CHICAGO, March 27 (UPI) -- Chicago Mayor Rahm Emanuel has rejected the three finalists suggested for the city's police superintendent position and instead named veteran officer Eddie Johnson to the role in the interim.
The Chicago Police Board suggested three possible replacements for former Superintendent Garry McCarthy -- Eugene Williams, chief of the Chicago Police Department's bureau of support services; Anne Kirkpatrick, an FBI instructor and former Spokane, Wash., police chief; and Cedric Alexander, the public safety director for DeKalb County, Ga.
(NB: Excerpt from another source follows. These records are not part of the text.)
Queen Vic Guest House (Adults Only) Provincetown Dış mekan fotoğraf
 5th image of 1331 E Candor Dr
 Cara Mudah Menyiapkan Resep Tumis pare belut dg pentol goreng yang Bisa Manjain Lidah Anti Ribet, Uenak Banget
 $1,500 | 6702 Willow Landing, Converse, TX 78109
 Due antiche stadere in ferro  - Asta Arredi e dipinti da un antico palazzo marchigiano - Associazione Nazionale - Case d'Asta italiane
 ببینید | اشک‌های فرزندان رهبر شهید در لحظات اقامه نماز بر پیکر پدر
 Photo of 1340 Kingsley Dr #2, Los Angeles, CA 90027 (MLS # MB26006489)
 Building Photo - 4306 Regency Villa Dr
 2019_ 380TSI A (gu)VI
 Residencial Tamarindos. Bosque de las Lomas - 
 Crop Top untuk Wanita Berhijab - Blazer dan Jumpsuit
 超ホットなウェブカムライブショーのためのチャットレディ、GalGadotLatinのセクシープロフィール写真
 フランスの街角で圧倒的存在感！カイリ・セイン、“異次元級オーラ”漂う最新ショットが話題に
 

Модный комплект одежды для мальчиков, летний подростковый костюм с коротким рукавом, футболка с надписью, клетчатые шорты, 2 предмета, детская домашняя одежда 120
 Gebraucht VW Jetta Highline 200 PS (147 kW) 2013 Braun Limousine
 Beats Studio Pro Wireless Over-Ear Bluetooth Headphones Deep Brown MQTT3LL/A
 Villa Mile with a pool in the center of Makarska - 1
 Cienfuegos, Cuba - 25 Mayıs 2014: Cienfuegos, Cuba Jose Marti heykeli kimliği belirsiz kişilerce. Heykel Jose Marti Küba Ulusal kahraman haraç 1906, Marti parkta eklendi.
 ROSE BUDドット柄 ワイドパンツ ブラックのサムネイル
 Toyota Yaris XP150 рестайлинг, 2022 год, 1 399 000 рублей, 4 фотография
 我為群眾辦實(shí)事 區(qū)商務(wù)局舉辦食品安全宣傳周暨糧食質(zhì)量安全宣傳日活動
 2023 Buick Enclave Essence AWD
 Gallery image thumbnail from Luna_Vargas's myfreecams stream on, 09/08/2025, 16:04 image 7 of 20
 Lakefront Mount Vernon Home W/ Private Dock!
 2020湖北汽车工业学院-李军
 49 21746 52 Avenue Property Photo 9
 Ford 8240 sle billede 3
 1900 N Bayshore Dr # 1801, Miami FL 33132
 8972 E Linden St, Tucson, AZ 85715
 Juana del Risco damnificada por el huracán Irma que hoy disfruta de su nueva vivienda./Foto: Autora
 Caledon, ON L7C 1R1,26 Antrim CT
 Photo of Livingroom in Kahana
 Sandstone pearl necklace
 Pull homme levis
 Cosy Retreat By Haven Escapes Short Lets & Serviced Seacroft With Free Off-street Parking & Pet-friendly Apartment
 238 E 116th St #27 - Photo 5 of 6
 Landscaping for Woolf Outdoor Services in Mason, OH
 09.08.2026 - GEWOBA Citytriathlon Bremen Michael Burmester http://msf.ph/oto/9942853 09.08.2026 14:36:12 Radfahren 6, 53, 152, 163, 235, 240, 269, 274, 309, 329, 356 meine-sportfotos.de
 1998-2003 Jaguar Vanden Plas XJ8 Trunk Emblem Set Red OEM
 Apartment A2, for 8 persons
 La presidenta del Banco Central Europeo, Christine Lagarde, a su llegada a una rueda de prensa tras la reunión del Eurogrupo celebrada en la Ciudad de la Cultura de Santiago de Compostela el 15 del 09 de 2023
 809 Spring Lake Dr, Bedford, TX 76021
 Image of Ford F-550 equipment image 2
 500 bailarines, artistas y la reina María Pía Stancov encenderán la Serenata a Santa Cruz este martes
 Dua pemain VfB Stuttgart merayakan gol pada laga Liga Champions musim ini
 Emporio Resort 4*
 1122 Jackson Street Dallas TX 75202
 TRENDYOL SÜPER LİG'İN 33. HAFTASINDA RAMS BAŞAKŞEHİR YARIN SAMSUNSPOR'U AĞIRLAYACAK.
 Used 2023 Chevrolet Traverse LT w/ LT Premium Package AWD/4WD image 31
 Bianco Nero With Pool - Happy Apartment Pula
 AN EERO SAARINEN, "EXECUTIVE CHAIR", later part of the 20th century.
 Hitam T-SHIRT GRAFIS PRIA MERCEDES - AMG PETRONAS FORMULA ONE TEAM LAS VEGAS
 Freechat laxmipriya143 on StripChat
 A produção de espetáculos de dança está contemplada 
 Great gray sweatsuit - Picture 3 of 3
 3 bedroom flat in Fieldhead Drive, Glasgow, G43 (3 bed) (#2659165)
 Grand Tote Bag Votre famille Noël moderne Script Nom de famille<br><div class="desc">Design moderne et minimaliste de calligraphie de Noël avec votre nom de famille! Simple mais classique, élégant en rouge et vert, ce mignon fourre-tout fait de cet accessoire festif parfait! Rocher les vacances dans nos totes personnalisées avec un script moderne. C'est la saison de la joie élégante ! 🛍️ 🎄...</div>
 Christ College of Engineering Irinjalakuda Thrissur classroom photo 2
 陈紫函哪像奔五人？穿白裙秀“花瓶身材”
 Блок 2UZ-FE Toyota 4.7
After interviewing each of them, Emanuel rejected them all.
"While each of the finalists had strong qualifications, the mayor did not feel that any of them were the complete package that Chicago needs at this time, and thus none were offered the position," Emanuel spokeswoman Kelley Quinn said. "The mayor called each of them individually late Saturday to let them know of his decision."
Instead, he named Johnson, who is chief of patrol, to the top spot. It's unclear if the mayor intends for Johnson to serve in the position permanently.
Johnson is replacing McCarthy, who resigned in December in the wake of the death of 17-year-old Laquan McDonald by Officer Jason Van Dyke. McDonald was shot 16 times Oct. 20, 2014, but footage of the shooting wasn't released to the public until Nov. 24, 2015, prompting protests and calls for the resignations of McCarthy and Emanuel.